Asunción: Der Verband der Tankstellenbesitzer und -betreiber Paraguays warnte davor, dass im Land bereits fast 300 Tankstellen den Betrieb eingestellt haben. Hintergrund ist die mittlerweile fünfte Kraftstoffpreiserhöhung im Laufe des Jahres 2026 sowie deutlich höhere Kosten für den Wiederbeschaffungswert der verkauften Produkte.
Der Verband betont, dass jede Preisanpassung die Tankstellen dazu zwingt, mehr Kapital aufzuwenden, um ihre Bestände zu sichern, während das Verkaufsvolumen sinkt. Diese Lage habe dazu geführt, dass das landesweite Netz von einst fast 3.000 Tankstellen auf aktuell etwa 2.600 betriebsbereite Tankstellen geschrumpft ist.

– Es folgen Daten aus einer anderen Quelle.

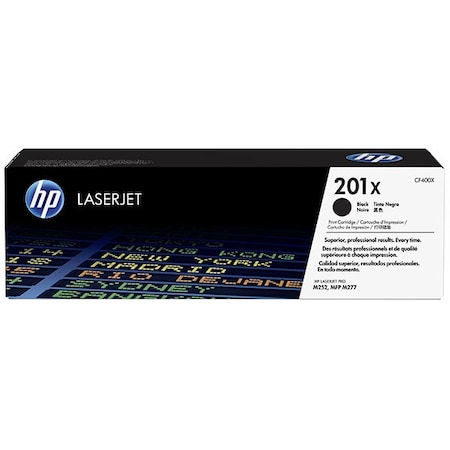 Hp 201X (CF400X) High Yield Black Original LaserJet Toner Cartridge (2,800 Yield) CF400X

Fünf Preisanpassungen im Jahresverlauf setzen Tankstellen unter Druck
Die erneute Preisbewegung erfolgt vor dem Hintergrund der internationalen Verteuerung von Erdöl – ein Faktor, der letztlich die Kosten erhöht, die erforderlich sind, um die Tankstellenbehälter nach dem Verkauf des verfügbaren Kraftstoffs wieder aufzufüllen.

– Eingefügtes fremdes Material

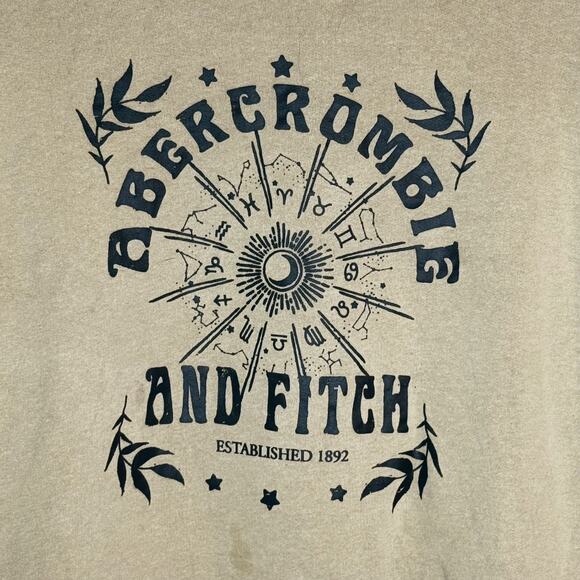 Abercrombie & Fitch Soft AF Crewneck Sweatshirt Sz M Oversized Astrology Graphic - Picture 2 of 6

In Paraguay sind zudem 24 Kraftstoffvertreiber in einem Markt mit etwas mehr als sechs Millionen Einwohnern tätig. Für die Tankstellenbesitzer verändert die Kombination aus Wettbewerb, höherem Kapitalbedarf und sinkendem Verkaufsvolumen die gesamte Geschäftsstruktur.
Sektor fordert gemeinsame Reaktion mit der Regierung
Apesa fordert angesichts der Serie von Preisanpassungen die Ausarbeitung eines Notfallplans zwischen dem Privatsektor und der Exekutive. Der Verband erklärt, dass es bislang keine definierte gemeinsame Strategie gebe, um den Auswirkungen entgegenzuwirken, die der internationale Ölpreis auf den Binnenmarkt hat.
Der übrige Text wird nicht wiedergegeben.